Cada vez que cresce a consciência da diversidade social e religiosa com ela crescem as divisões entre nós, os ódios recíprocos, as vinganças sem fim. E se apenas buscássemos perceber a dor dos outros sem siglas, sem textos de base, sem obediência a uma tradição, sem pastores, sem templos especiais? E se considerássemos apenas a diversidade de nossa condição humana, condição da vida do planeta e condição da Vida na qual somos? E se apenas deixássemos que a criatividade dos sofredores pudesse falar e se deixássemos que nossa dor também nos falasse, talvez, saberíamos melhor o que é ser simplesmente humano. Talvez pudéssemos nos organizar melhor em favor de nossa dignidade e da dignidade dos seres viventes…

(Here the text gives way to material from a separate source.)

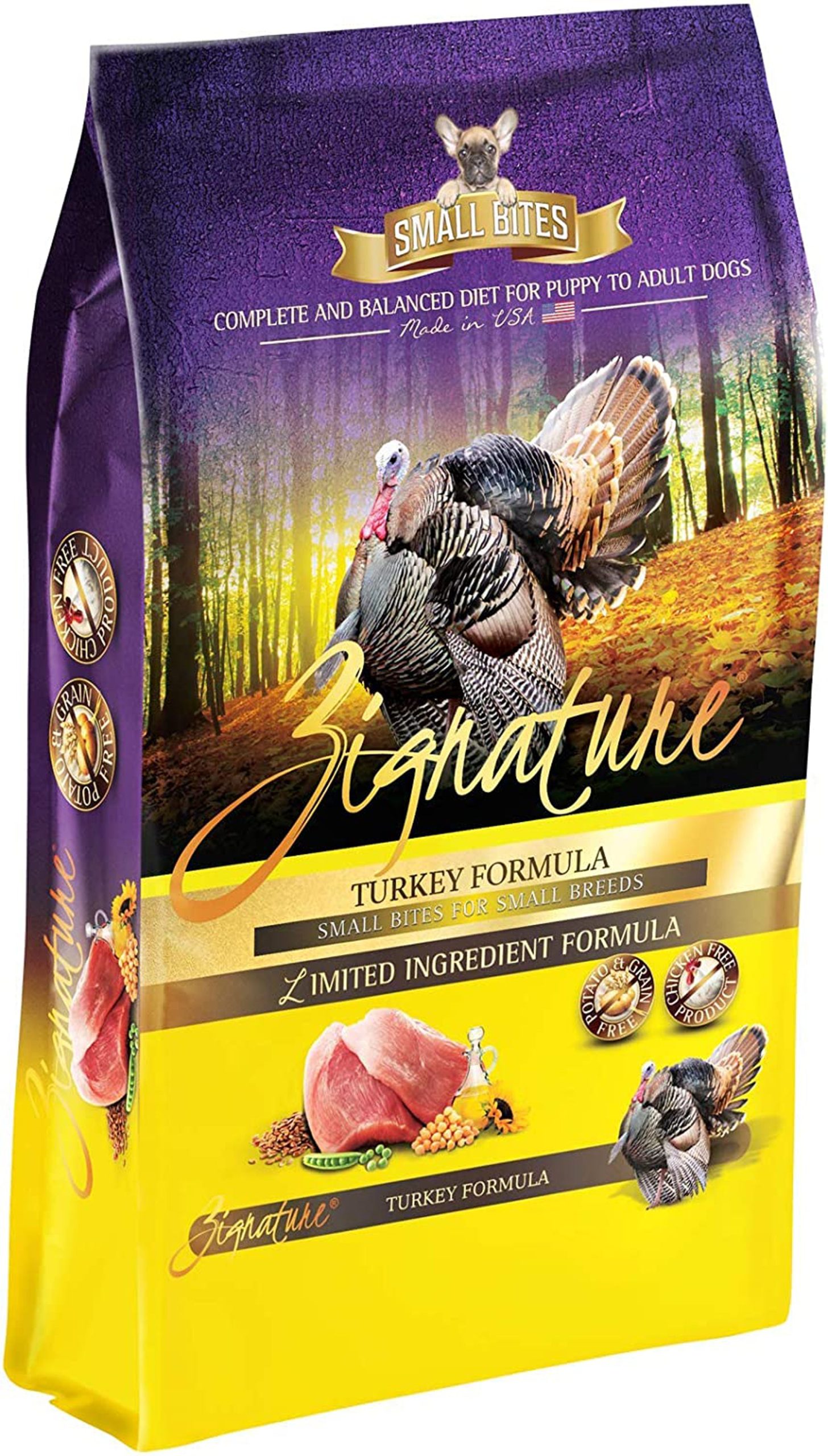 Zignature Small Bites Turkey Grain-Free Dry Dog Food, 4 lb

Sei que estou me referindo a um desejo, a uma aspiração provocativa. As muitas tradições religiosas com suas diferentes riquezas tocam a busca de sentidos para a vida humana e têm grande valor. Entretanto, quando são cooptadas pelos sistemas de competição que criamos, quando se fracionam para agradar os individualistas, quando dividem, quando se armam contra os pequenos perdem seu sentido agregador e convocador do bem. Por isso, abrimos a possibilidade de pensar nossas relações para além delas, sem no entanto deixar de reconhecer sua existência e a sabedoria que carregam.
Estamos precisando redescobrir a ternura em nossa humanidade, a absoluta interconexão entre todas as vidas, a poesia de um céu azulado e de uma noite escura cheia de estrelas. Precisamos redescobrir os olhos uns dos outros deixando um pouco de lado a tela do celular ou da TV. Precisamos nos ouvir mais sem enquadrar uns e outros em siglas e em conceitos. Necessitamos ouvir outras vozes sem querer reagir depressa demais, julgar no imediato como se dentro de nós vivesse um tribunal aberto dia e noite.